Also small children can mistake the good smelling colored liquid for juice.


----------



## SurvivalNut

My plan is to rely first on rechargeable batteries and LED lamps. You can get some awesome 30-50 LED lamps on ebay for about $5 postpaid. 

I also pick up wicks and lamps at garage sales for a few quarters so I keep some flexibility.


----------



## NaeKid

Also - remember that old vegi-oil works well as lamp-oil. I buy vegi-oil in bulk for my deep-fryer - use it several times and the outdoor deep-fryer is basically parked for the winter. The oil is filtered when I put it back into the containers, but, after a while it goes rancid. When I realize that the oil is no longer good for consumption, that is when it becomes lamp-oil .. and it fills tiki-torches, hurricane-lanterns or just ends up as part of fire-starter in my fire-pit.

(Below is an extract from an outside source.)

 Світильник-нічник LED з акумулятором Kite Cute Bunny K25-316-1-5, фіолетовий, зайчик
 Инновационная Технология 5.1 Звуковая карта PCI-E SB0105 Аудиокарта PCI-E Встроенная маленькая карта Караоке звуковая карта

You can continue to purchase lamp-oil or kerosene for lights, but, you don't have to if you don't want to.


----------



## stars1

The oil Lanterns is available in oil only. It will add a definite nautical touch to wherever it is placed and is a must have for those who appreciate high quality nautical decor. It makes a great gift, impressive decoration and will be admired by all those who love the sea. But it's not safe. Burn easy.

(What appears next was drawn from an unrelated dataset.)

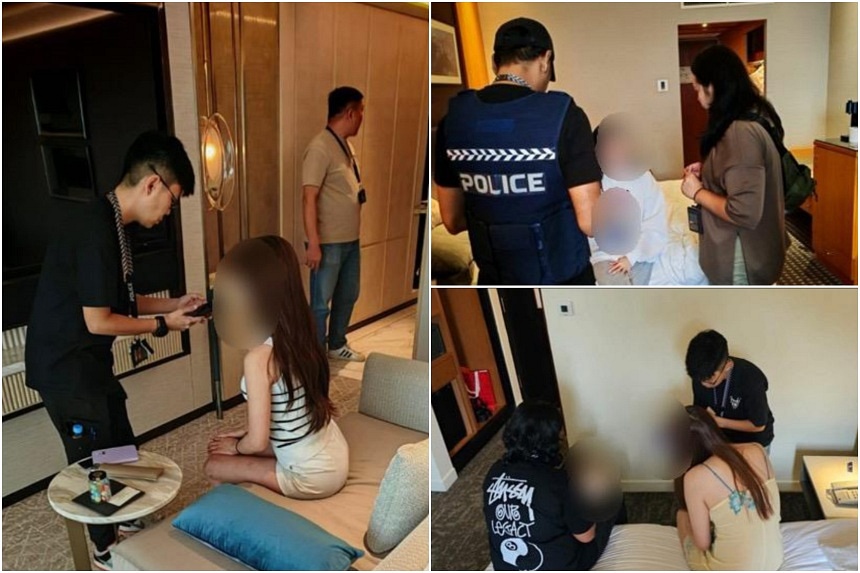 14 people arrested following anti-vice raids in Singapore and Hong Kong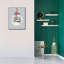 Toile épique Graffiti «Country Christmas Snow Globe Ornament» par House Fenway, 26 po x 34 po-1352396607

Battery Operated Lanterns are the most popular camping lanterns for most campers. These are safe for children to use, have no fire risk and the easiest to use, just click the button and light!

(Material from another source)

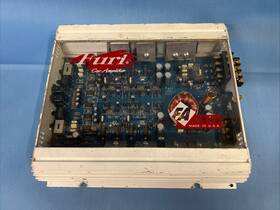 Furi Fa4040 Rare Old School 2-channel Amplifier Made In Usa Read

The disadvantage would be having to make sure the batteries do not run flat, and to be prepared with enough spares. Using rechargeable batteries are a good option if you have an electric hook up and save money. You are also able to buy a rechargeable lantern or a cross between solar power and batteries.

A battery operated LED lantern may also become affected by very cold weather conditions. Batteries discharge quicker. This is where other liquid fuel lanterns become a better option.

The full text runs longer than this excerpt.